*** INPUT DATA
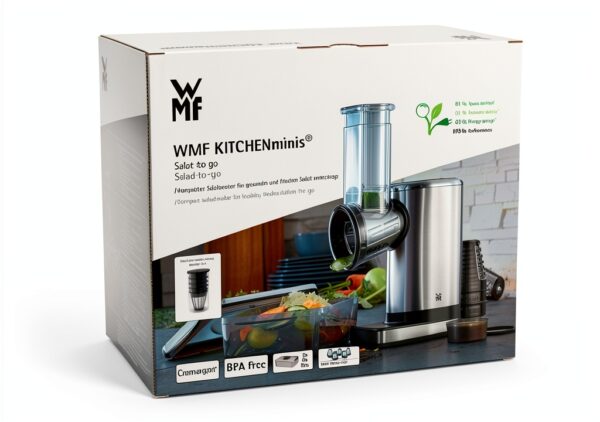 WMF Découpe légumes, 0.3 L, 65 W, Inox 18/10 Cromargan, 2 lames inox, Bol Tritan sans BPA, KITCHENminis 0416400011-10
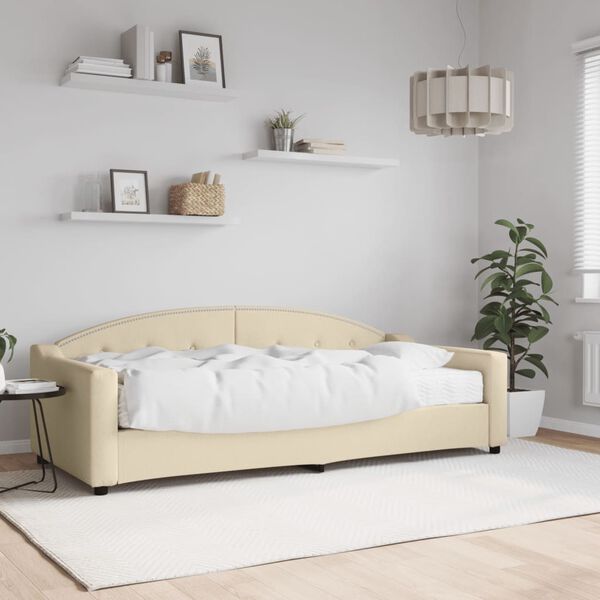 vidaXL Tagesbett mit Matratze Creme 90x200 cm Stoff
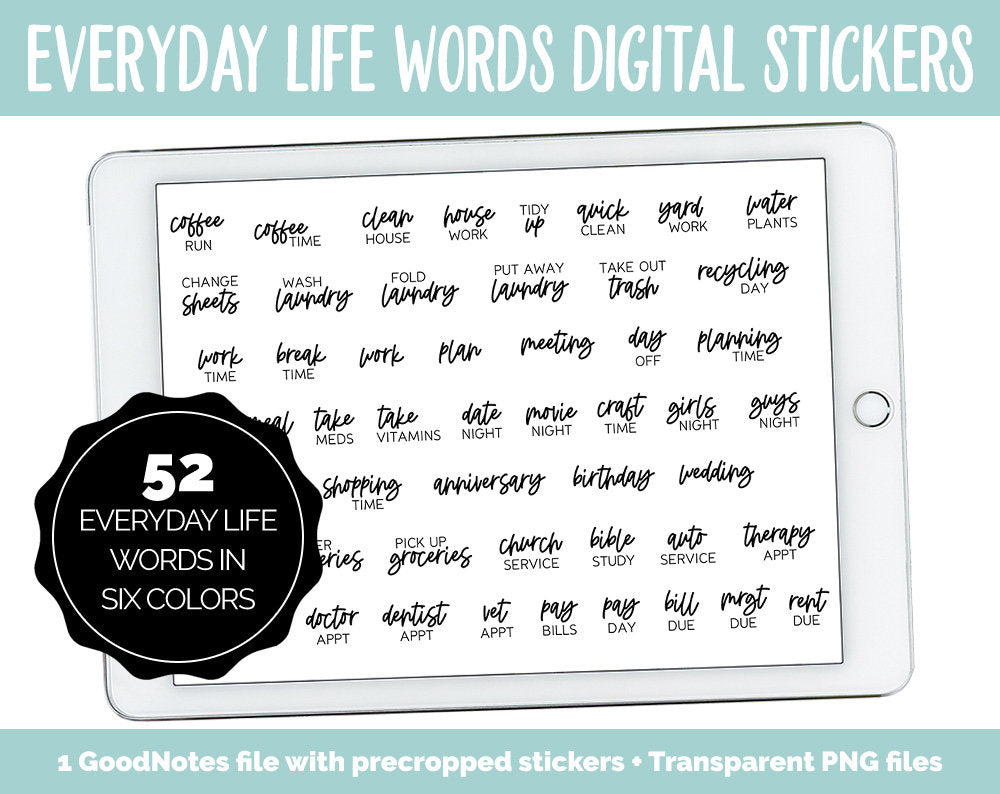 Everyday Life Words Digital Planner Stickers | GoodNotes, iPad and Android | Chores, Tasks, Errands, Things to Do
******
Could you give all of the data again exactly as written, omitting any pictures?

§ **RESPONSE**:
 WMF Découpe légumes, 0.3 L, 65 W, Inox 18/10 Cromargan, 2 lames inox, Bol Tritan sans BPA, KITCHENminis 0416400011-10
 vidaXL Tagesbett mit Matratze Creme 90x200 cm Stoff
 Everyday Life Words Digital Planner Stickers | GoodNotes, iPad and Android | Chores, Tasks, Errands, Things to Do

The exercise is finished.